2. A Handmaid’s Tale
by Margaret Atwood
This is a novel I read during college, in a class melodramatically named “20th Century Literature: Breaking the Rules.” I recall having long, seemingly important conversations about the novel with two different women. I remember those late-night conversations vividly. But I barely remember the book itself, outside of the most basic elements of the theme. And you know, I actually met Margaret Atwood at a book event in Canada a few years ago. She was pretty cool, and I told her how vital this novel was to me when I was 21, and I was not lying. But I’m glad she didn’t ask me for any specifics, because I would have needed to pretend I was drunker than I actually was.
3. The Looming Tower
by Lawrence Wright
I read this the year it came out, and I suppose I still remember a few key details (particularly a passage about a relative of Osama bin Laden pushing a goat down a mountainside in order to forge a passable foot path). But I don’t remember it with the clarity I would prefer. When you read a book like this, you can almost feel yourself getting smarter — you feel like you’re becoming an expert on the subject in real-time.
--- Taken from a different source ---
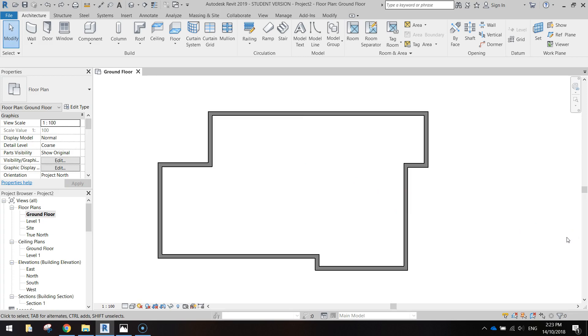Now I'm just going to stop the video there. That's our exterior walls done. I'll come back in the next video and I'll show you how to do the interior walls of the house.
You think to yourself, “I could deliver an extemporaneous lecture on the origin of 9/11, and my lecture would be great, simply from reading this book.” However, that sensation evaporates in about three weeks. This is a 540-page book, of which I retained maybe 40 pages of viable information. I wish I could just upload it into my brain.
4. Native Son
by Richard Wright
When I was in eighth grade, I gave an oral book report on this novel that went on for so long the teacher actually said, “That’s enough. We get it.” So why can I no longer remember the plot? All I can recall is the part about the rat. Did I get a concussion or something? Maybe.
5. A Wild Sheep Chase
by Haruki Murakami
I read this in either 1995 or 1996, on a mattress on the floor in my apartment in Fargo. I told so many people they needed to read this book. I probably told everyone I knew. Even today, I can still see this book on my shelf as I type this very email. There it is, just sitting there. But what’s it about? I have no idea. It’s a mystery, right? Like a postmodern noir thing? Or am I totally wrong? Was it funny, or was it not funny? I give up.
÷ ÷ ÷
is the bestselling author of seven books of nonfiction (including Sex, Drugs, and Cocoa Puffs
and I Wear the Black Hat
) and two novels (Downtown Owl
and The Visible Man
). He has written for The New York Times
, The Washington Post
, The Guardian
, The Believer
, The A.V. Club
, and ESPN
. Klosterman served as the Ethicist for The New York Times Magazine
for three years, appeared as himself in the LCD Soundsystem documentary Shut Up and Play the Hits
, and was an original founder of the website Grantland with Bill Simmons. Chuck Klosterman X
is his most recent book.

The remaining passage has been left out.